La politique économique actuelle va a l'inverse de la création de valeur, du coup avoir la main sur pole emploi ne changera rien, si ce n'est pouvoir radier en fonction des résultats comptables pour des élections de plus en plus sordides !!!!
a écrit le 02/10/2019 à 8:22 :
Bonjour,

Avoir la main sur pôle Emploi ?
Mais les régions ont la main «  sur tout » car l’état est «  trop débordé »

Quand tout échoue quand ça devient inefficace : nous pourrions OSER changer un système «  qui ne fonctionne plus » sans tourner en «  rond »

pole emploi doit «  être privatisée » par des «  personnes éthiques vraiment engagée pour l’économie »

En France dans le monde de travail : tout le monde juge tout le monde sans rien connaitre aux vécus et à l’impact des systèmes sur la vie des populations.

Les fonctionnaires sont des personnes qui sont «  limités » par des programmes et dépassés par les problématiques , certains d’eux Ont des oeillères , à cause de «  eux » la France tourne en «  rond » il faudrait casser cette sphère infernale de mentalité infertile et destructeur des droits collectives citoyennes.

1) privatiser Pole emploi
2) reformer le statut de fonctionnaire en proposant des formations évolutives pour tous ou bien abolir ce statut et mettre tous les citoyens de France au même statut , pareil pour tous et tous et obligations identiques pour tous les employeurs de France.

Il y a trop de niches fiscales et avantages et privilèges , trop d’injustices sociales en France , les reformes sont indispensable pour l’équité et l’éthique et surtout pour la démocratie sociale et économique.

Cordialement,
Réponse de le 04/10/2019 à 11:35 :
Il n'y a pas de fonctionnaire à Pôle emploi.
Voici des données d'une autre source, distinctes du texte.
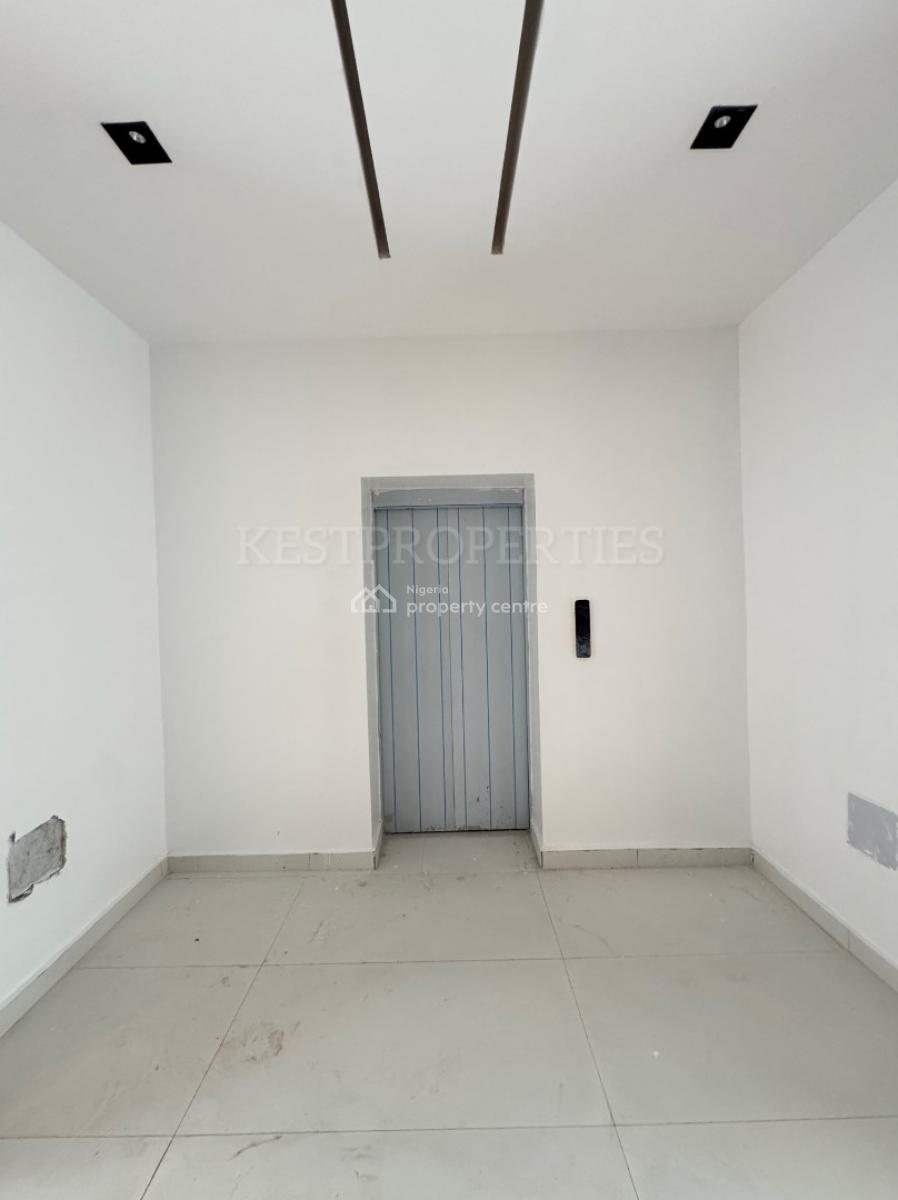 2 Bedroom Apartment with Concierge, Elevator, Pool, Lekki Phase 1, Lekki, Lagos, Flat / Apartment for Sale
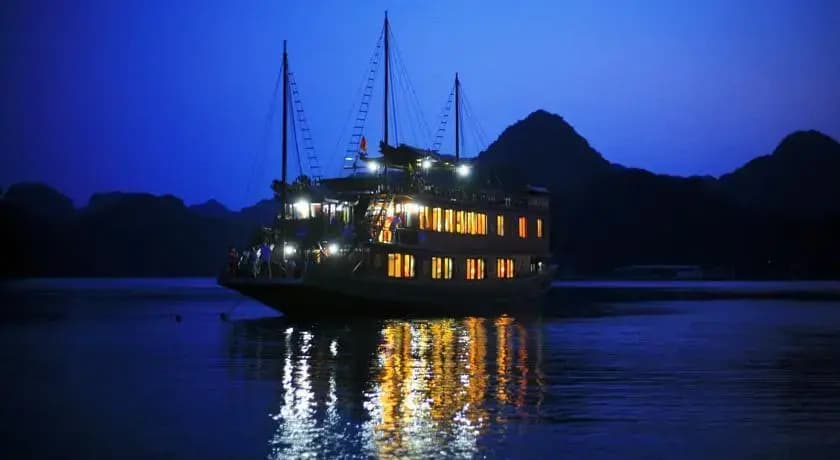 Elizabeth Sails - photo 4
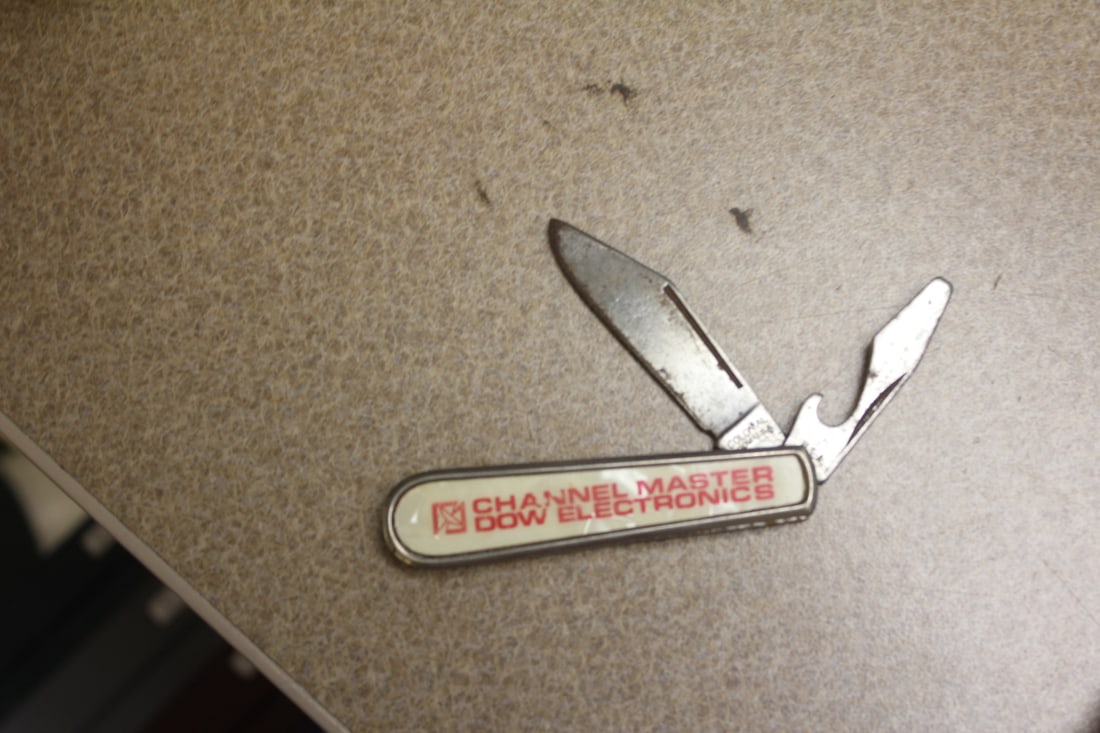 Colonial Advertising Utility Pocket Knife: 3 inches long when folded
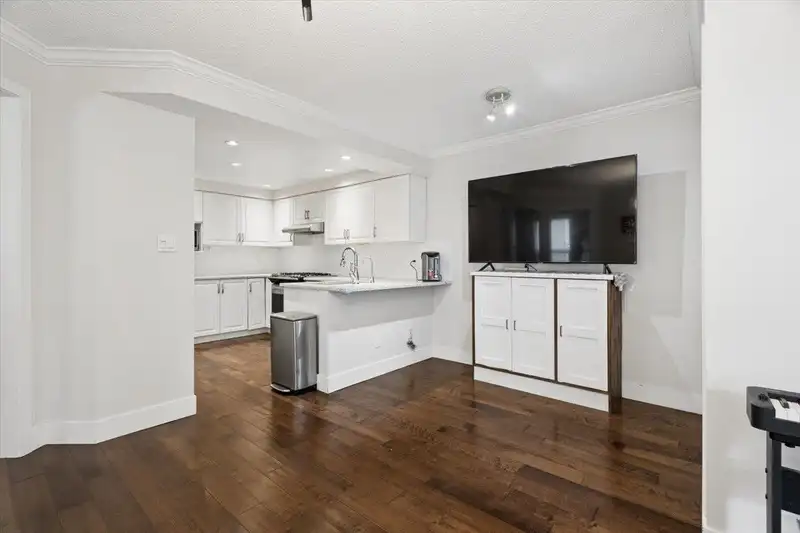 21 6578 121 STREET - photo 4 of 30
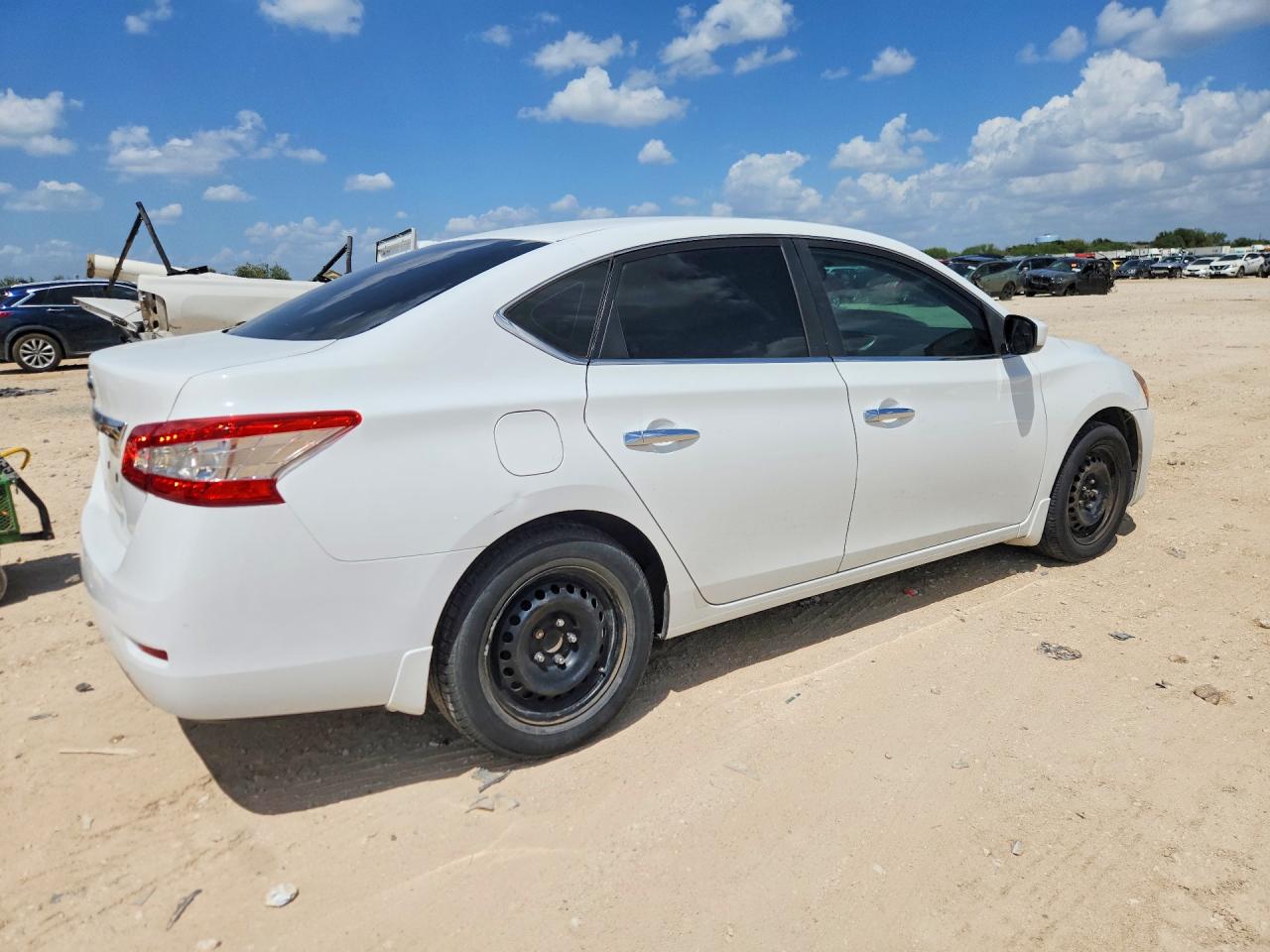 2015 Nissan Sentra S White vin: 3N1AB7AP1FY311358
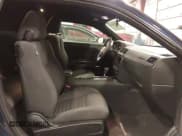 ✅ 2014 Dodge Challenger SXT • VIN: 2C3CDYAGXEH284224 • Lot: 41526460. Wystawiony na IAAI z przebiegiem 134 196 mil. Bezpłatny archiwum sprzedaży aukcyjnych z USA i szczegółowy raport historii pojazdu na DreamBid. Zdjęcie 5.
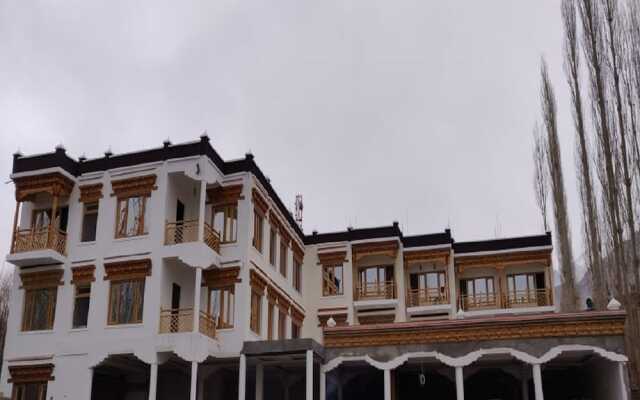 Hotel Paradise Ladakh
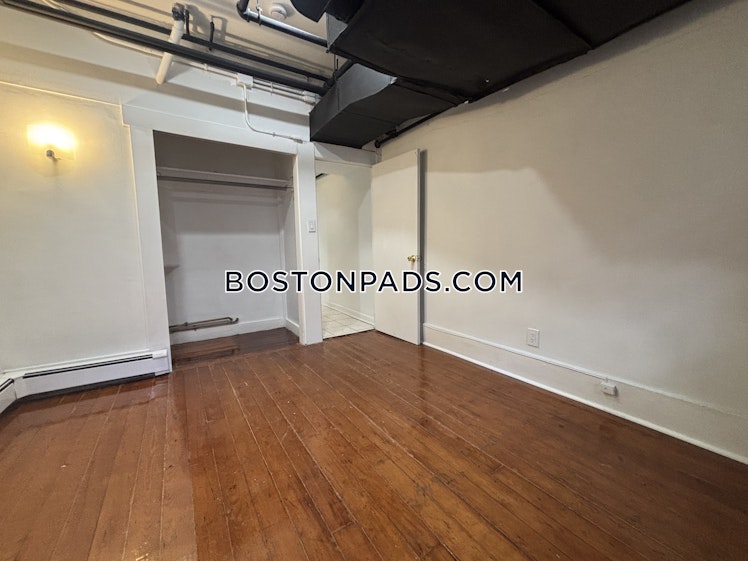 Commonwealth Ave., Boston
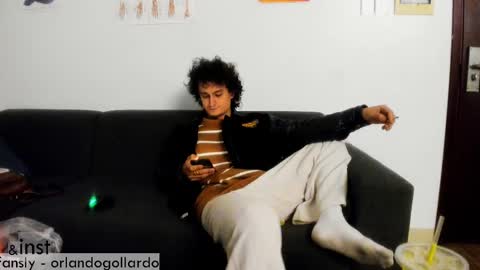 Snapshot of orlando__bloom chatting on March 7, 11:18 am Fansly and Instagram - online show from March 7, 11:18 am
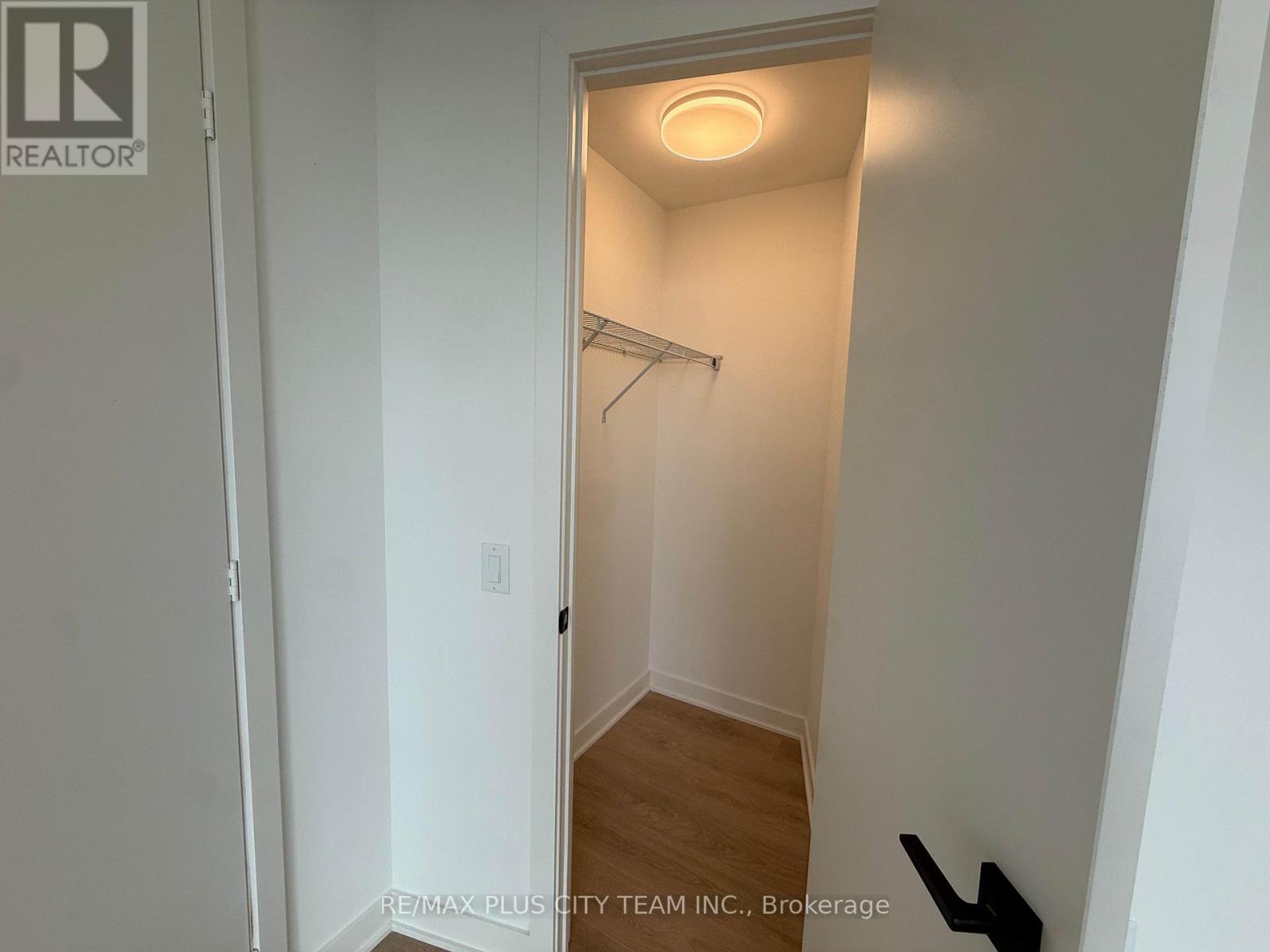2110 - 1185 Dupont Street, Toronto, Ontario  M6H 0G5 - Photo 15 - W13102522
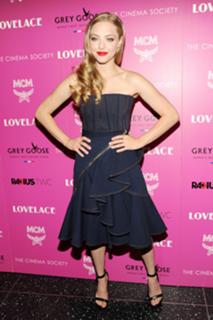 Amanda Seyfried feet photo thumbnail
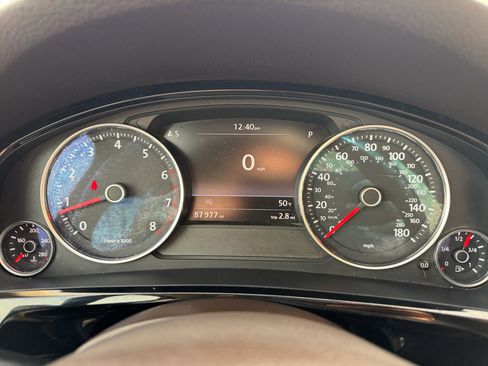 Used 2016 Volkswagen Touareg Sport image 12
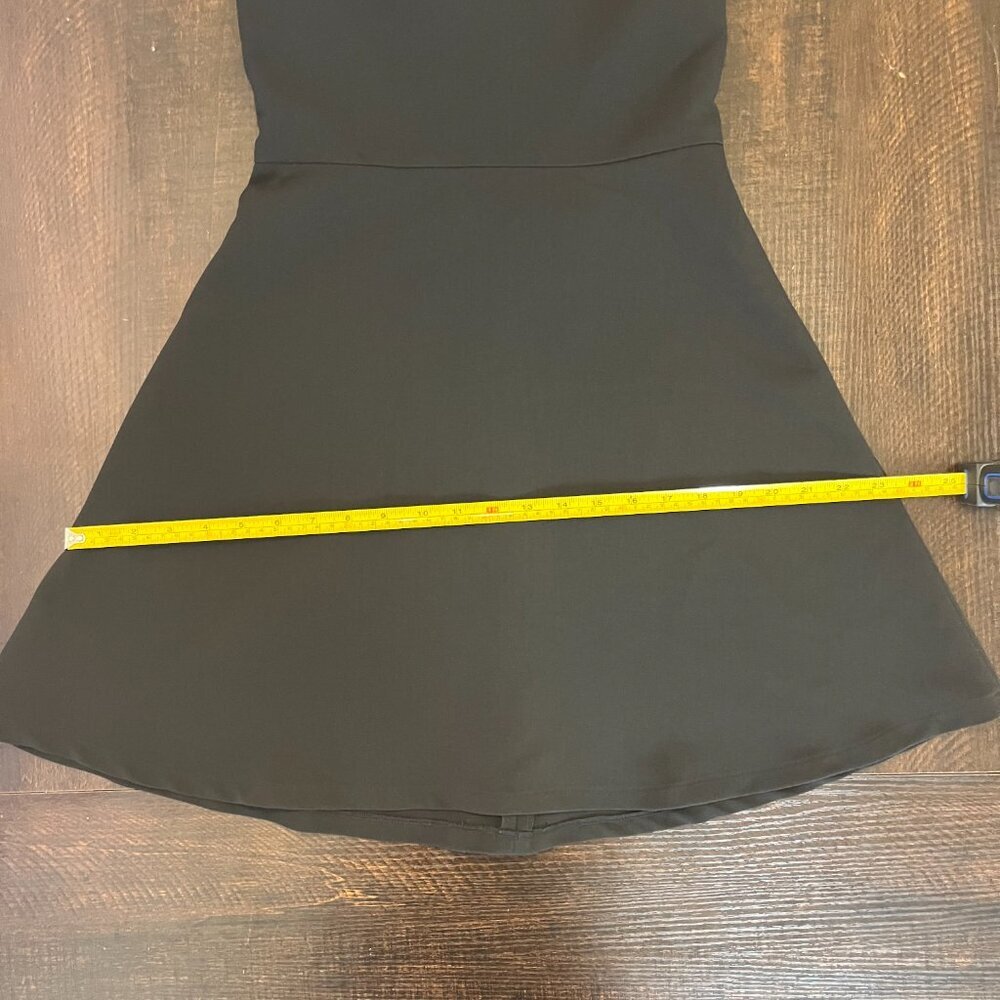 Lucy & Co Black V-Neck Dress Size M With Cute Back - Picture 6 of 10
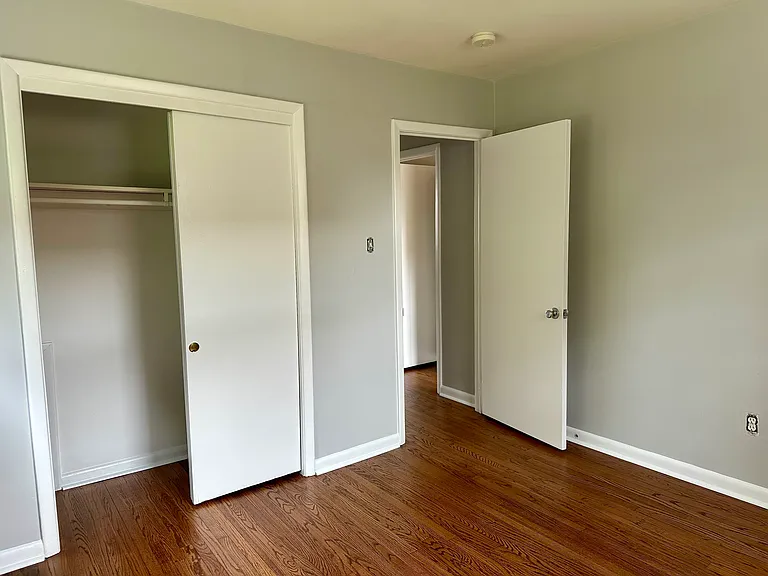 320 S Swarthmore Ave #B2 — Photo 8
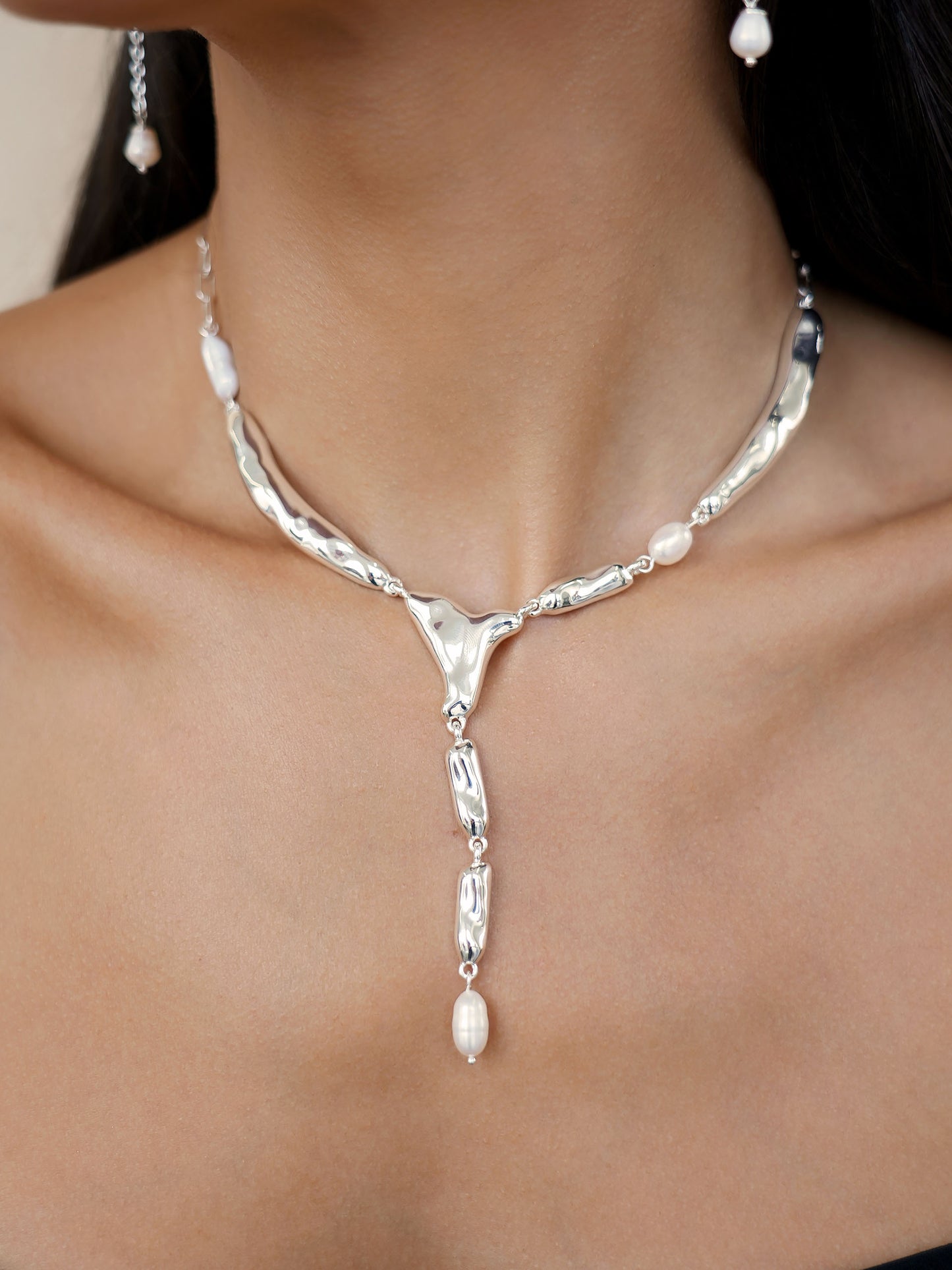 Liquid Melt and Pearl Lariat Silver Plated model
Il y a des contractuels de droit public (15 %) et le reste est privé.
Attention également : quid du droit des personnes à l'équité sur le territoire national ? Un demandeur d'emploi qui veut déménager ? Les CR (dont régionaux) peuvent-ils garantir un service public pour tous, partout ? Je me pose la question.
a écrit le 01/10/2019 à 18:54 :
Le but de la réforme de la formation était de désaisir les acteurs locaux et de laisser au privé le soin d'ouvrir et fermer ses propres centres de formation en toute indépendance.
Par contre le financement est public mais géré par Pénicaud, qui décidera en toute impartialité (hummmmm) quel industriel, quel patron, méritera le denier public.

Les régions peuvent attendre encore longtemps, idem pour les CCI. Non seulement elles n'auront aucun moyen supplémentaire mais ces moyens vont se raréfier avec le temps puisque le gouvernement cherche 10 milliards € pour boucler son budget.
Réponse de le 02/10/2019 à 4:34 :
J'avais cru comprendre que Pôle Emploi était le nouveau nom de l'ANPE (qui était la fusion des agences locales pour l'emploi) et que son financement était assuré par les ressources de l'UNEDIC. Va-t-on nous ressortir un nouveau mouton à cinq pattes?